On October 25, 2018 a proposal was made to the Grande Prairie Aboriginal Circle of Services (GPACOS) which included two land acknowledgements to encompass the region in which we live and work. This following acknowledgment has been recognised by Grande Prairie Regional College and implemented into our communication portfolio across all media.
"We acknowledge the homeland of the many diverse First Nations and Métis people whose ancestors have walked this land since time immemorial. We are grateful to work, live and learn on the traditional territory of Treaty 8."
The first acknowledgment above is intended for more formal settings, bigger groups, or longer meetings. For example, the formal acknowledgement may be suitable for opening a conference, event or assembly. The second one below is intended for more casual occasions or after someone has already made the formal acknowledgement. For example, when one is the third speaker at an event, at the beginning of an informal meeting, or during morning announcements.
"We acknowledge the Indigenous people and ancestors whose land we are on"
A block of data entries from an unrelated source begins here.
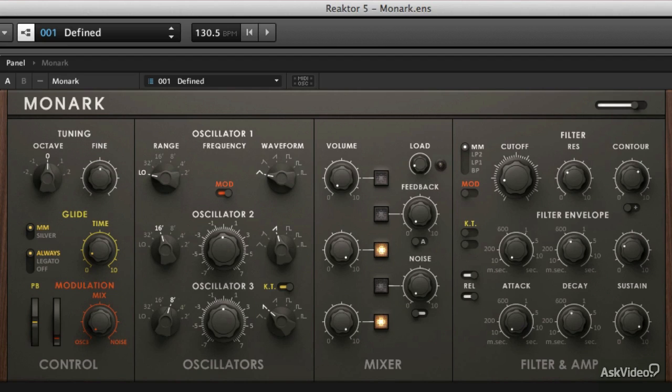We're going to talk about analog synthesis in general, how to get MONARC up and running, how to set it up to really take advantage of your particular MIDI and audio setup, whatever that may be.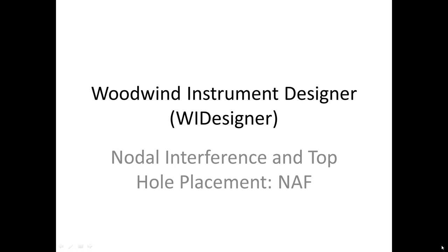Hello, I'm Edward Court and welcome to the 10th tutorial on Woodwind Instrument Designer, software for designing woodwind instruments.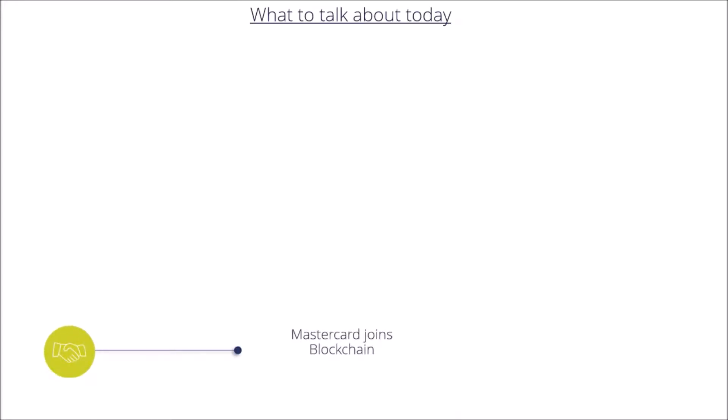First of all we will talk about MasterCard joining the blockchain as well as altcoins are weaker than BTC.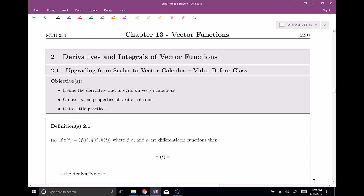Welcome back everyone to Chapter 13, Section 2, where we're going to finish out the rest of calculus on these vector-valued functions. In Section 1 we did limits and continuity. Here I'd like to talk about derivatives and integrals for vector functions, also a little bit of these properties for vector calculus, and then finally we'll do a little bit of practice, though the majority of that will come in class.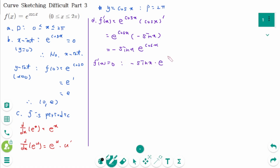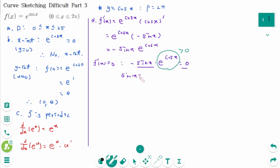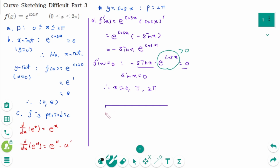Setting f prime equal to 0: e to the power of cosine of x is always positive, so we need sine of x equals 0, which gives x equals 0, π, and 2π. There is a number line from 0 to 2π with π marked, and we place f prime of x on it.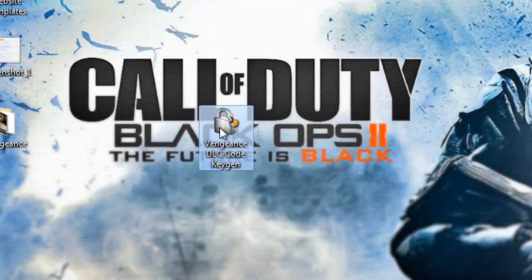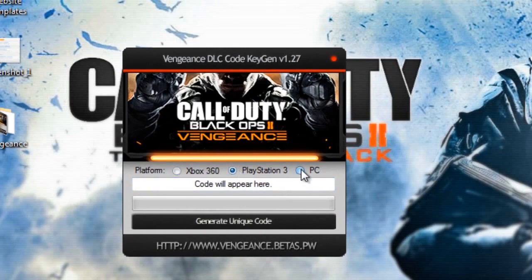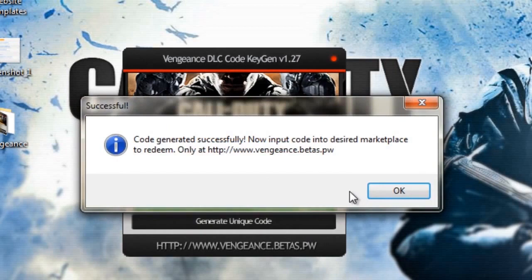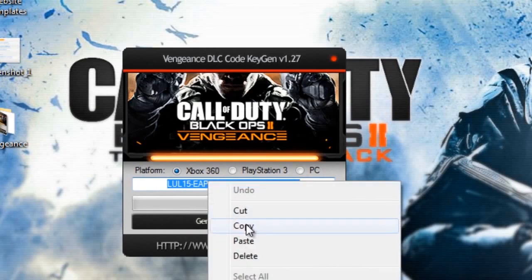Hello, today I will show you how to get free Vengeance DLC. You will get this program — just open the program and click the platform you want a code for, then click Generate Unique Code. Now I will go and put the Vengeance DLC code into Xbox's Redeem code area and show you it working.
Specific Language was Used
A lot of thought was put into the language used for this statement. A glossary can be found below, explaining why specific words have been used and what importance they have in contributing to the power of this acknowledgement.
What is Treaty 8?
Treaty 8 was signed on 21 June 1899 by the Crown and First Nations of the Lesser Slave Lake area.
The treaty covers roughly 841,487.137 km2 of what was formerly the North-West Territories and British Columbia, and now includes northern Alberta, northwest Saskatchewan, and portions of the modern Northwest Territories and BC, making it the largest treaty by area in the history of Canada.
The terms and implementation of Treaty 8 differ importantly from those of previous Numbered Treaties, with long-lasting consequences for the governance and peoples of that area.